Additional Squid Cache[edit]
We can see what the addition of a Squid cache has on the request rate for a server by installing one on the content3 server and testing the rates from the server and from the squid cache for various objects:
-
- Direct From Content3
-
- Main_Page = 33 rq/sec
- RecentChanges = 3.5 rq/sec
- Oblivion Map = 313 rq/sec
-
- From Content3 Squid Cache
-
- Main_Page = 42 rq/sec (+27%)
- RecentChanges = 17 rq/sec (+386%)
- Oblivion Map = 328 rq/sec (+5%)
The cached pages show a small improvement overall with a very large increase from the RecentChanges. Part of the reason there is not a larger increase in performance is due to the Wiki content is not able to be completely cached. Note that if you do the benchmarking from the content3 server you get very different results:
-
- Direct From Content3
-
- Main_Page = 44 rq/sec
- RecentChanges = 3.6 rq/sec
-
- From Content3 Squid Cache
-
- Main_Page = 1300 rq/sec (+2850%)
- RecentChanges = 2160 rq/sec (+6000%)
Wiki Statistics[edit]
Turning off the Wiki page count statistics might result in slightly faster page loads.
-
- With Counter Stats On
-
- Main_Page = 30 rq/sec
- RecentChanges = 3.3 rq/sec
-
- With Counter Stats Off
-
- Main_Page = 31 rq/sec (+3%)
- RecentChanges = 3.4 rq/sec (+3%)
Any performance increase from disabling this setting is very small.
Update -- November 2010[edit]
To check on the recent enabling of squid1 the following benchmark tests were performed (all with -kc 10 -t 30 unless noted):
-
- Testing from squid1 loading Main_Page:
-
- content1 = 155 req/sec
- content2 = 36 req/sec
- content3 = 27 req/sec
- www = 1680 req/sec
-
- Testing from content1 loading Main_Page:
-
- content1 = 168 req/sec
- content2 = 37 req/sec
- content3 = 27 req/sec
- www = 322 req/sec
The large difference between content1 and 2 may simply be that content1 has twice the RAM (2 GB) and a ~20% faster processor (24k bogomips total). The performance gain from using the Squid cache is obvious.

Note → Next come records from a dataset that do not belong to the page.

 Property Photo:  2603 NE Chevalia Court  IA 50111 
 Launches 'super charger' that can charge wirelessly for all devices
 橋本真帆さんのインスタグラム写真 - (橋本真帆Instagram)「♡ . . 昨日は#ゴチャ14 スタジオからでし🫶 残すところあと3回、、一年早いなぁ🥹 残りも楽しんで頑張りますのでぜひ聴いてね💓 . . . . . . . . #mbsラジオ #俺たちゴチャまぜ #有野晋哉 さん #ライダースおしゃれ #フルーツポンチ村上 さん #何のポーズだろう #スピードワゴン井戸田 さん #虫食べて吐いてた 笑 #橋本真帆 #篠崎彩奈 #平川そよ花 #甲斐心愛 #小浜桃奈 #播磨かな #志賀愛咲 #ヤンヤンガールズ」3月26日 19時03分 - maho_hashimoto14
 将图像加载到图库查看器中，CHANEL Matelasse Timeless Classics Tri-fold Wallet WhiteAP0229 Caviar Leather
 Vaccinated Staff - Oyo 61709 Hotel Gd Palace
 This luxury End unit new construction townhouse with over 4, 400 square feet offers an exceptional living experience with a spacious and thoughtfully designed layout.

Estimating Server Capacity[edit]
We can attempt to use the above numbers to give a *very* rough estimate of the maximum capacity of the site's servers. Current average server load is:
-
- squid1 = 14.6 req/sec (~50% cache hit rate)
- content1 = 5.3 req/sec
- content2 = 3.8 req/sec
- files1 = 45 req/sec
- db1 = 117 req/sec
From the most recent benchmarks the combined content1/2/3 server capacity is around 230 req/sec which means at a squid1 50% hit rate the upper overall capacity is around the 460 req/sec range or 30x the current server load. Note that 30x the traffic would put us in the top 100 web sites which is unlikely to happen anytime in the near future.

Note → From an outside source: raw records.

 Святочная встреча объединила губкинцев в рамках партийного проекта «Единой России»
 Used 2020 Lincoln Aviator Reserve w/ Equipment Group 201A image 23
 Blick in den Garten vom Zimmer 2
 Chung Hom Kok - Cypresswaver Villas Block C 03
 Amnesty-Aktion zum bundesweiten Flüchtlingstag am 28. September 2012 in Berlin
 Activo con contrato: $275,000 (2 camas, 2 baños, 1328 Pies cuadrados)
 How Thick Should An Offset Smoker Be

How accurate this estimate is depends on the type of traffic the site receives. If it is mostly anonymous read-only traffic then the squid1 cache would handle most of it, increasing the cache hit rate, and potentially server several times this amount. On the other hand, if traffic increases equally on the read and write sides (or anonymous/logged in users) then the db1 server will likely be maxed out before the 460 req/sec is reached (current db1 CPU usage is 5-10% indicating a rough potential load increase of 10-20x on the database side may be possible).
Traffic Scenario 1[edit]
Assuming an evenly distributed increase in traffic by 10x we can estimate the following effects:
-
- squid1 running at 150 req/sec with no load issues (still a ~50% cache hit rate).
- Content servers running at around 50-75% CPU load.
- files1 at 500 req/sec at 50-75% disk load.
- db1 running at 1100 req/sec at 80-100% CPU load.
If this were the case to improve performance the following steps could be taken:
-
- Split up db1 to one master and several read-only slaves (or other partitioning strategies).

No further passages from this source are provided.